Grand Canyon's Kolb Studio undergoes restoration work
GRAND CANYON, Ariz. - Kolb Studio is getting a massive facelift, thanks to donations from both private and public donors.
The studio is going through several phases of restoration work, which will happen over the next few years at a cost of around $440,000.
"This is a crown jewel to the Park Service, and to the Grand Canyon Association (GCA). There's no other building like it in existence," GCA Facilities Manager Chris Maragos said.
A National Park Service (NPS) Historic Preservation crew of five has been working on replacing parts of the building that can no longer be saved. The work includes replacing weatherworn shingles and exterior siding.
"I think there are about 80 windows in the building that are individually being gone through and painstakingly replacing the glazing materials, which is like a putty that holds the window pane in place," Maragos said.
Along with the siding and windows, Maragos said crews are working on two Canyon-facing porches that have been exposed to the elements, causing rotting and deterioration.
"In historic preservation you have to only take out what you can't save," said Greg Dodson, NPS Western Center for Historic Preservation Project manager. "It's all about saving the historic fabric, and then we document everything we do so people in the future can say, 'this is original, or this is a replacement.'"
Outside the building, the Park Service is currently analyzing Kolb's retaining walls, which take visitors down from the rim to the entrance of the studio. Crews plan to start rebuilding the walls next year.
"Those retaining walls, over time, are starting to fail," Maragos said. "They are considered a historic element to the building so just as much as the building is historic, the features are also historic."

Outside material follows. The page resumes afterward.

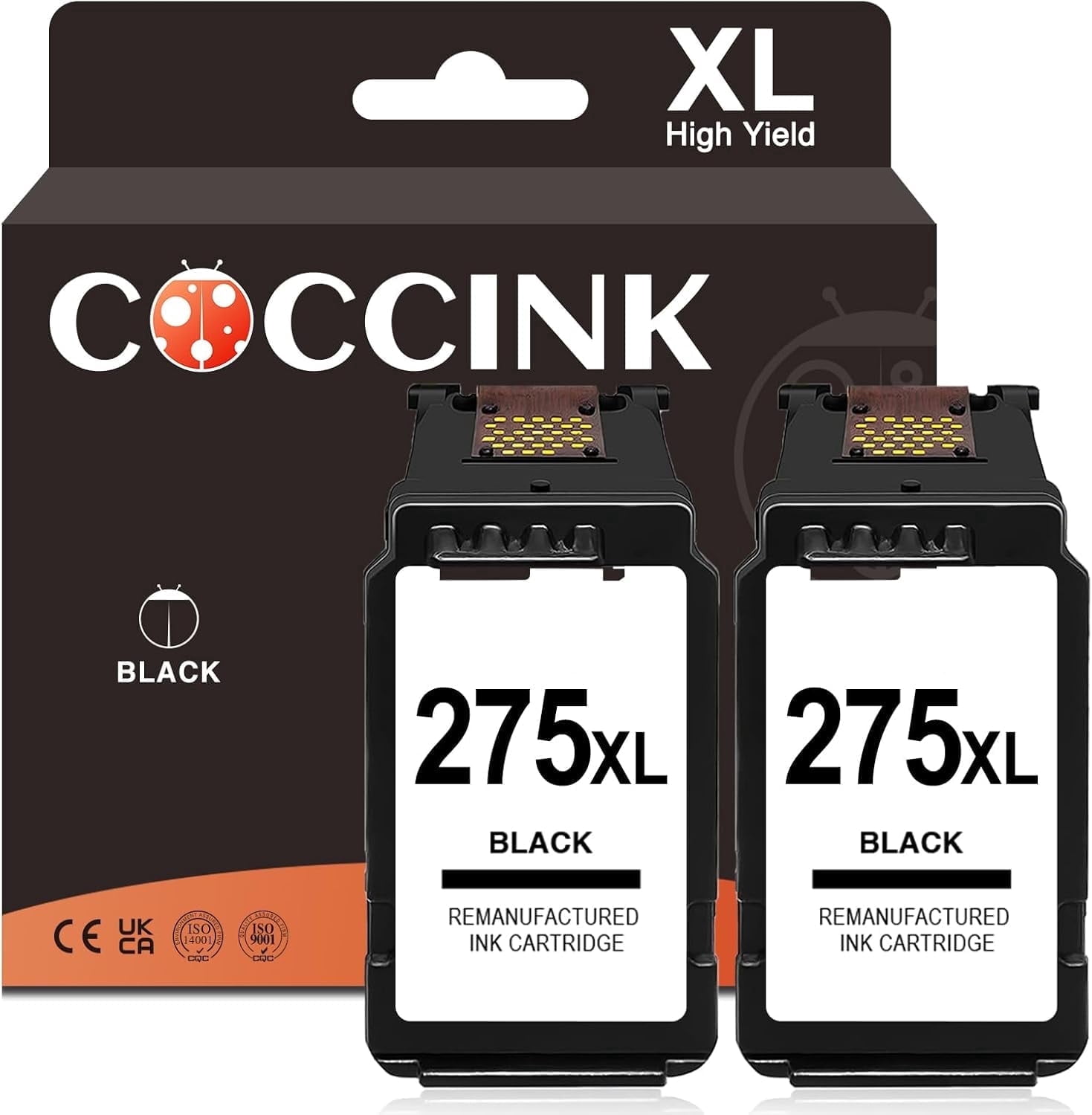 COCCINK PG-275XL 275 XL Black Ink Cartridge Compatible with Canon Pixma TR4720 TR4722 TR4700 TR4725 TS3720 TS3700 TS3722 TS3522 TS3520 TS3500 Printer Cannon 275 XL Printer Ink,2 Black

Maragos said next year, when the weather warms up, crews will focus on painting the exterior of the building, including the windows and replacing gutters.
Built in 1904, Kolb Studio was the site of the legendary Kolb brothers' photography studio where they captured early tourists on treks into Grand Canyon. Later, the owners expanded the house to include a theater and the family residence until Emery Kolb's death in 1976 when the building came under National Park Service ownership.
As a historic building, the GCA took stewardship of the building and it is now an integral part of the visitor experience at Grand Canyon, housing a GCA bookstore and a gallery for rotating free exhibits.